Dans le chapitre « expérience vécue nourrissant la foi » certains d’entre nous évoquent le scoutisme vécu comme une étape positive par l’apprentissage de la confiance en soi et par le brassage social que celui-ci permettait.
Arregi définit la spiritualité comme souffle de la vie. Si on s’accepte tel que l’on est, on trouve des ressources qui nous permettent d’entrer en communion avec les autres et avec notre environnement. Le danger c’est de se tromper d’ennemis et de prendre les moyens (religion, politique) pour des fins.
Musset nous fait comprendre que Jésus lui-même a changé son image de Dieu (épisode de la rencontre de la Cananéenne). Nous ne devons pas hésiter à réactualiser constamment notre foi dans un contexte où notre représentation de Dieu ne peut qu’être en perpétuelle évolution.

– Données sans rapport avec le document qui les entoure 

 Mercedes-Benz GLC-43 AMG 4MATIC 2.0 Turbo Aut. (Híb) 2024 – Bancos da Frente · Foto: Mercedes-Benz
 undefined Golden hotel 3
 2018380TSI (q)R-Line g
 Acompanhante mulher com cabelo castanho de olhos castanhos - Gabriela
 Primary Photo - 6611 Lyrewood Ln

En résumé, Michel nous livre une synthèse de sa réflexion sur le sacré sous la forme d’un tableau…
Réunion du 19 mai 2017
Marie-Thérèse revient sur son expérience avec l’association d’aide aux homosexuels « Contact ». Des enfants subissent des situations terribles de rejet, ou encore pire, de chantage affectif de la part de leurs parents. La conformité à des normes morales supposées intangibles l’emporte sur la considération du vécu d’une personne concrète.
Ces crispations ne peuvent être surmontées que par des personnes qui côtoient au quotidien des personnes discriminées (homosexuels, migrants…). Les lois, règles et normes imposées par la vie en société n’ont de sens que si l’on prend conscience de leur relativité, de leur caractère évolutif. La hiérarchie et aussi une partie du peuple catholique continuent d’avoir un rapport obsessionnel et rigide à la sexualité.
Le strict respect de la forme d’une règle vient souvent occulter le sens de celle-ci. Ainsi, pourquoi vouloir s’acharner dans l’Église catholique à faire du mariage un sacrement, alors que cela n’a plus de sens pour nombre de catholiques ?
Jésus, lui, s’il n’a pas aboli la loi, a toujours su la remettre à sa juste place. Il nous considère comme des adultes dans la foi, il nous fait confiance pour mettre en œuvre l’amour du prochain. Par ses paroles et par ses comportements, il a refusé toutes les formes de discriminations, sans brusquer les personnes sur la route nécessairement progressive de leur « conversion ».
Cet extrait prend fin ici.